The Financial Accounting Standards Board (FASB) has issued its second Exposure Draft as part of its project to change the manner in which entities account for lease transactions. The first Exposure Draft was issued in August 2010 and generated over 800 comment letters. The FASB conducted extensive redeliberations on this topic prior to releasing the second Exposure Draft. The International Accounting Standards Board (IASB) issued its proposal simultaneously with the FASB's action. The revised Exposure Drafts for both organizations are nearly identical.
The Exposure Draft outlines an approach to lease accounting that would require a lessee to recognize assets and liabilities for the rights and obligations created by leases with a maximum possible term of more than 12 months. The asset would represent the lessee's right to use the underlying asset, and the liability would recognize the lessee's obligation to make lease payments. The right-of-use asset and lease liability would initially be measured at the present value of lease payments.
The recognition, measurement and presentation of expenses and cash flows would depend on whether the lessee consumes more than an insignificant portion of the asset. For most real estate leases, a lessee would report a straight-line lease expense in its income statement. For most other leases, such as equipment or vehicles, a lessee would report amortization of the asset separately from interest on the lease liability.
The accounting applied by a lessor would also depend on whether or not the lessee consumes more than an insignificant portion of the asset. The lessor would account for most real estate leases in a manner similar to existing operating leases. The lessor would continue to recognize the underlying asset and would recognize lease income over the lease term. Such income would typically be recognized on a straight-line basis. For most leases of assets other than property, the lessor would derecognize the underlying asset and recognize a receivable representing the right to receive lease payments and a residual asset which represents the rights relating to the underlying asset that are retained by the lessor. Any profit relating to the lease would be recognized at the commencement date while interest income would be recognized over the lease term.

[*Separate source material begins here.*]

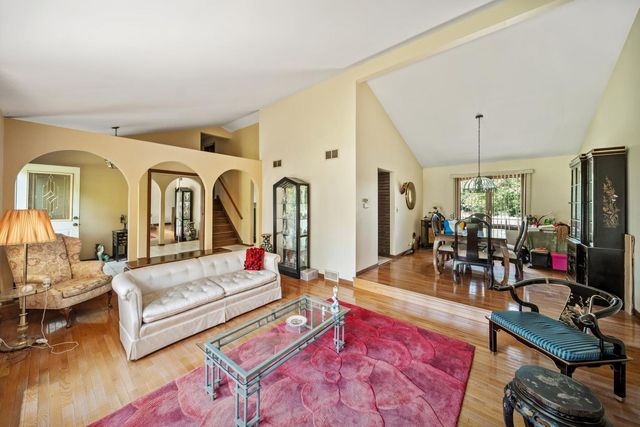 8408 Lakeside Drive, Downers Grove, IL 60516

In making the calculations referenced above, both the lessee and the lessor would exclude most variable lease payments. Payments to be made in optional periods would be included if the lessee has a significant economic incentive to exercise an extension or not to exercise a termination option.
For leases that have a maximum possible term, including any optional extensions, of 12 months or less, an accounting policy election could be made which would allow an entity to account for the lease in a manner that is similar to the current accounting for operating leases.
Disclosures that provide additional information regarding the amount, timing, and uncertainty of cash flows arising from leases would be required. Transition guidance indicates that all leases (including pre-existing leases) would need to be recognized and measured at the beginning of the earliest period presented.
The Exposure Draft does not specify a proposed effective date. Both the FASB and the IASB recognize that these changes to lease accounting will affect the financial statements of a vast majority of entities. This, along with other relevant factors, will be considered when determining an effective date.
Comments related to this Exposure Draft are due on September 13, 2013. It is currently anticipated that a final standard will be issued during 2014.